The real fascination for me came when I asked the students if they were friends with someone in real life could they not be friends with them on Facebook? You would have thought I was joking by the looks on their faces. Three students spoke up and all said the same thing….”No Way!” That there is a social obligation to be Facebook friends with someone if you are friends in real life and not “friending” them on Facebook would be the same as saying “we’re not friends”.

This is the lives of our students, a world where there is an obligation to be virtual friends with your real friends. An obligation to be on Facebook and be “cool” there as well. This is their social world, and middle schoolers are developmentally in a place that is all about fitting in, being social, and belonging. That’s what is important in their lives, not school, not their homework, but their social lives. As one middle school teacher I was talking to explained “No matter how engaging our lessons are we can not compete with their social lives, they are, at this age all about finding out who they are and belonging.”

At one point today, these students who were there to learn and reflect and were in trouble, were still caught chatting on Facebook in the background by my wife.
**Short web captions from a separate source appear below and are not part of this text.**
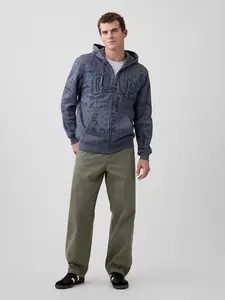 Adult Relaxed Gap Logo Print Zip Hoodie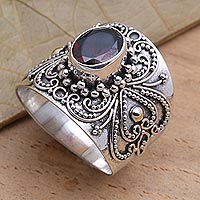Balinese Silver and Oval Garnet Ring with Gold Accents,'Oval Crimson Glow'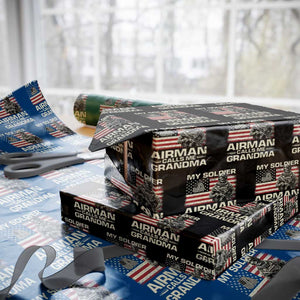 Proud Air Force Grandma Wrapping Paper Roll My Soldier Airman Calls Me Grandma US Flag TS10 Black Print Your Wear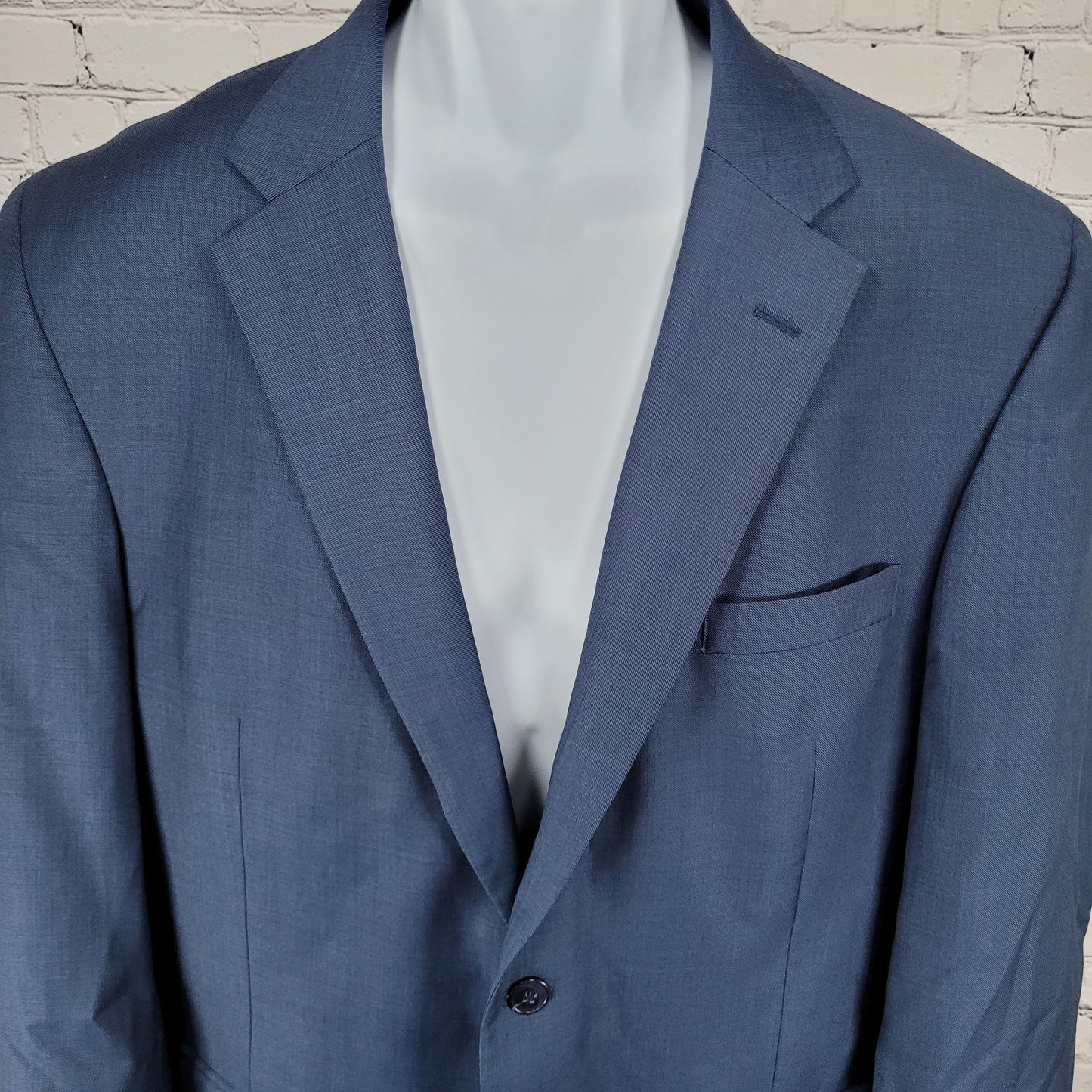 Jos A Bank Blue 100% Wool Travelers Collection Tailored Fit Blazer Size 44R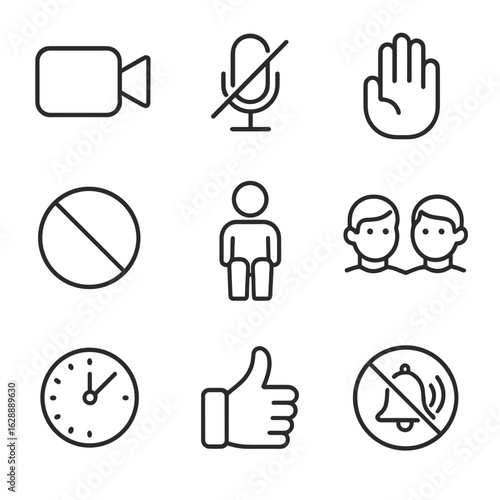 Muted time sit thumbs disturb vector icon mic meeting hand icons etiquette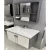 Ceramic Hand Washbasin 80 cm Gray White with Wooden Cabinet and Mirror Pharmacy | Al Muhaidib Sanitary and Ceramic - Image 2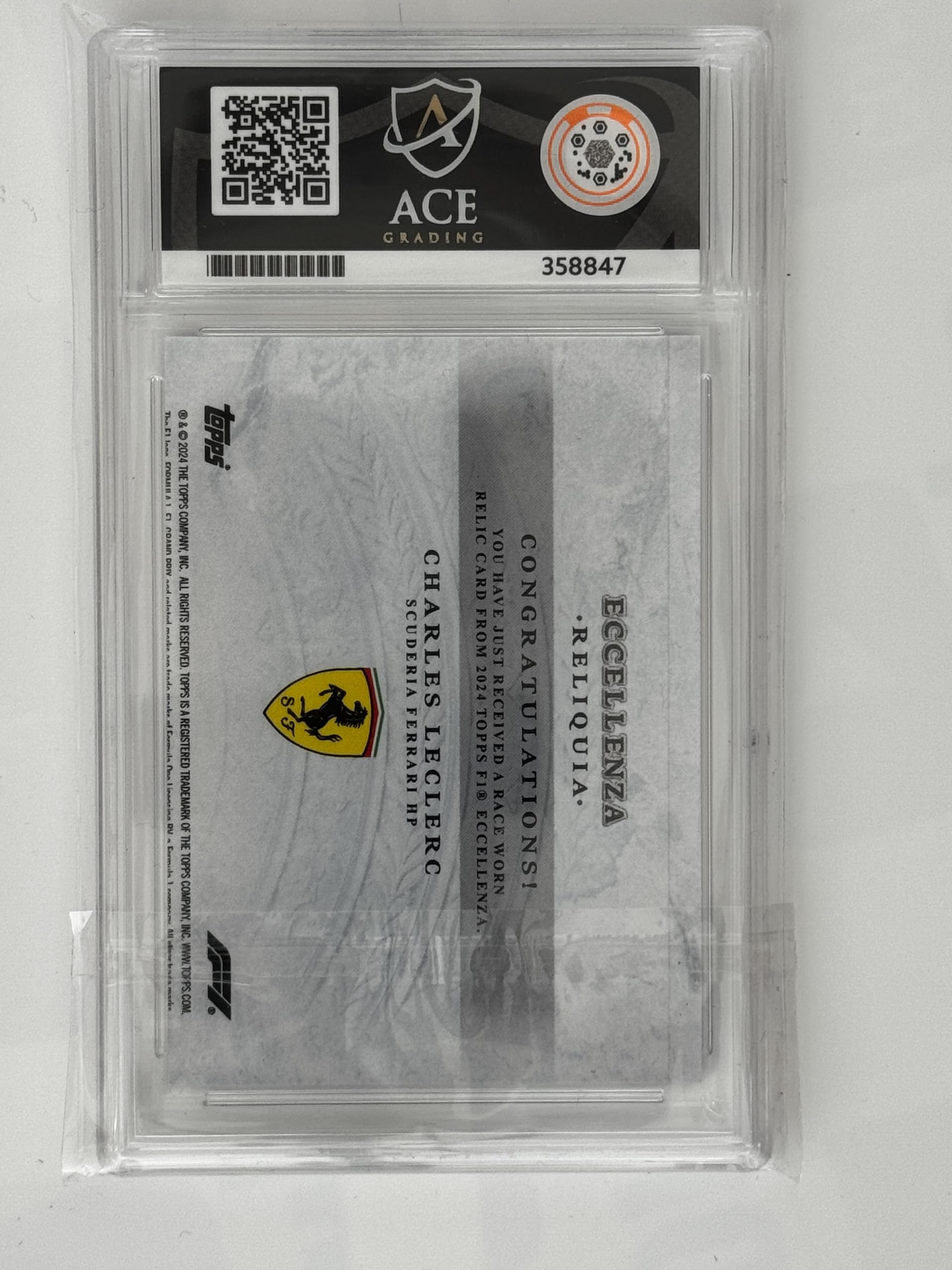 2024 Topps Eccellenza Formula 1 | 2024 - Charles Leclerc - Italiano - Reliquia | Ace Graded 9 | Certificato Numero 358847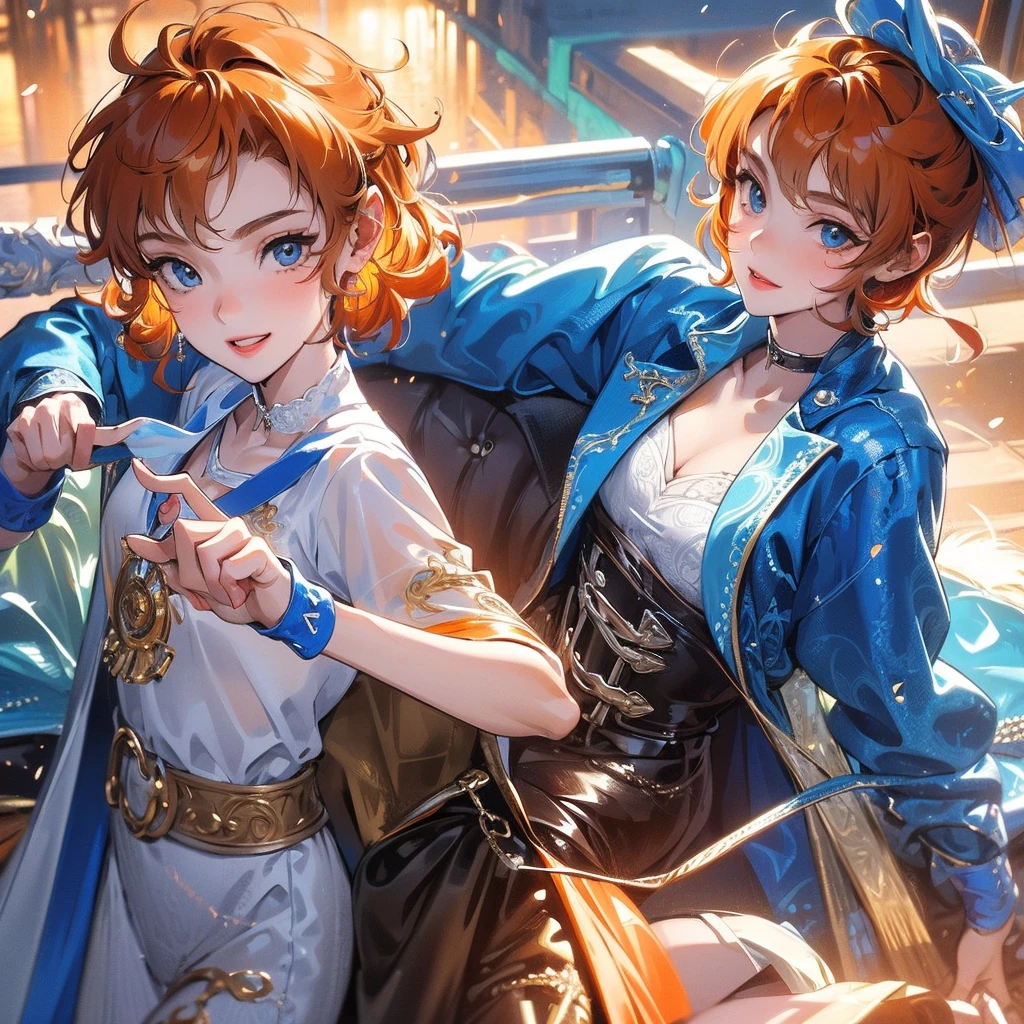 high quality, detailed,
Boy , 4K UHD, super detail, best quality, detailed eyes, masterpiece, young ,9years old ,orange curly short hair ,blue beautiful eyes ,sweet smile ,beautiful smile,cute outfit
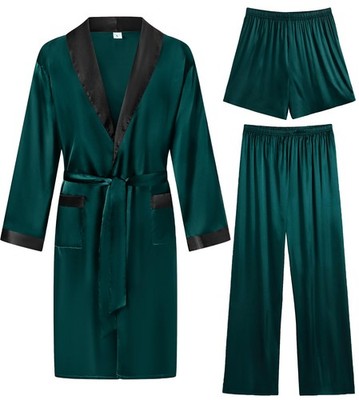 SWOMOG Men's 3 Pcs Robe Silk Satin Kimono Bathrobe with Shorts&Pants Set Ligh...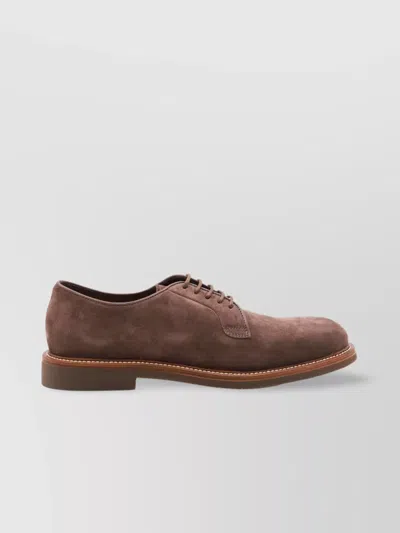 Brunello Cucinelli Brogues With Round Toe And Suede Finish In Burgundy
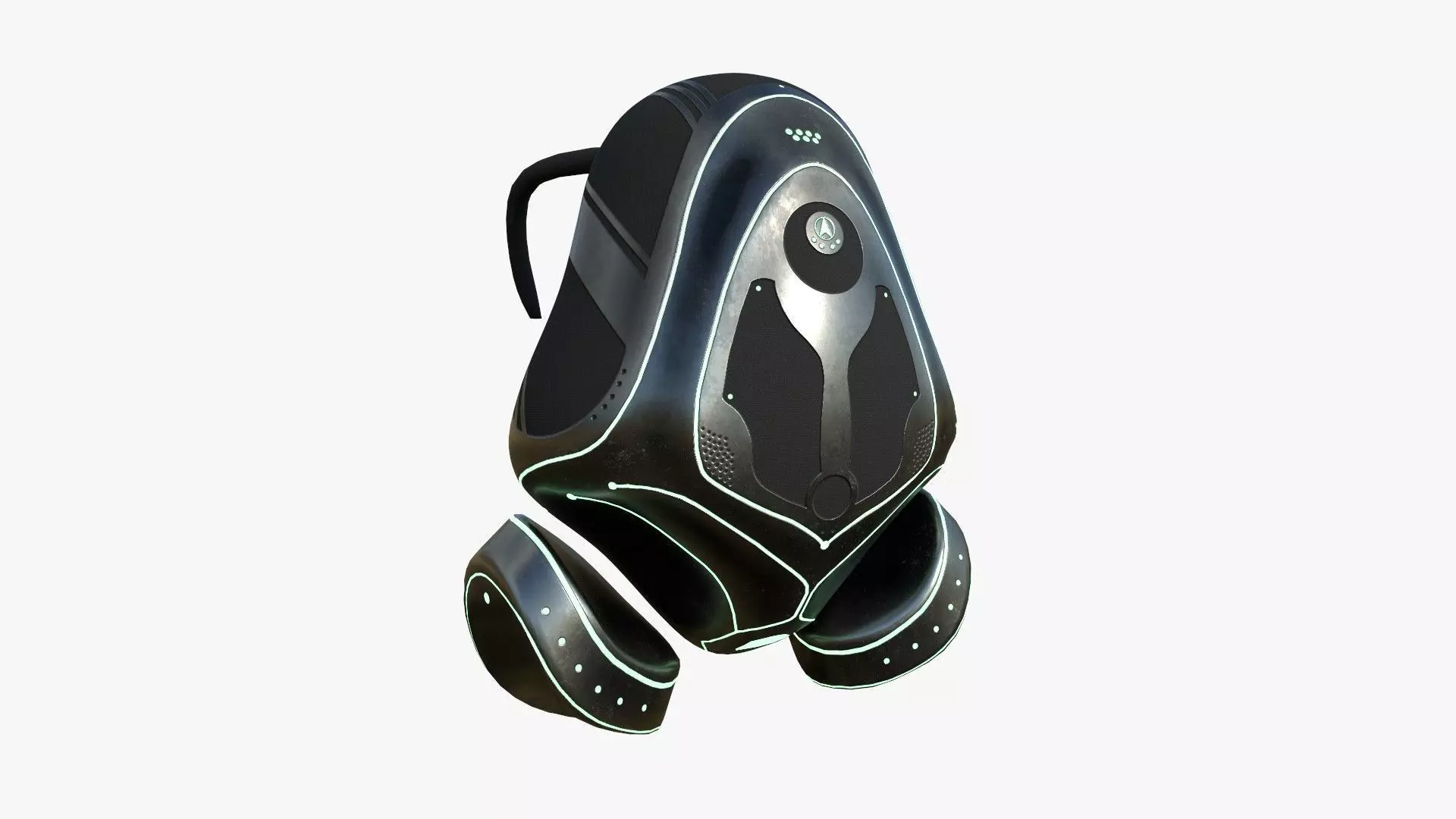 SciFi Backpack H01 Dark Metal - Fashion Character Design Low-poly 3D model_0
Here are students, in trouble, writing papers on cyber bullying and still need? crave? want? that social connection.

There’s a part of me that feels sad for them….as I think back on my own Jr. High years and that sense of wanting to fit in, in being “normal” and how much more pressure must be on them in these virtual places that I for one never had to deal with. When I got home….I could relax, not think about it, but now there is this obligation that you’ll be on Facebook, that you’ll be social, even in your house…that’s a lot of pressure to “always be on” for a 13 year old…..honestly….one I’m glad I never had.

There is a social pressure within these students that I honestly do not thing any of us can understand. The more I watch, listen, and interact with students today the more I’m realizing this social pressure that is on them and wondering as an educational community how do we help them, when it is so foreign to all of us? How do we help them mange these connections, use them in powerful ways, and protect themselves and their friends all while allowing them to be social where they need to be? I’m struggling with this and I’m the one that’s suppose to have the answers for parents and teachers and schools on how to handle this. I’m just not sure that we as a society are ready to handle these new social norms that we really don’t understand and for many people are so scary, or foreign that it’s easy to pretend they don’t exist and say “I hate Facebook” then to approach it with an open mind and concept for what’s new.

Privacy, Safety, Bullying….it’s a whole new world out there that I’m trying hard to understand.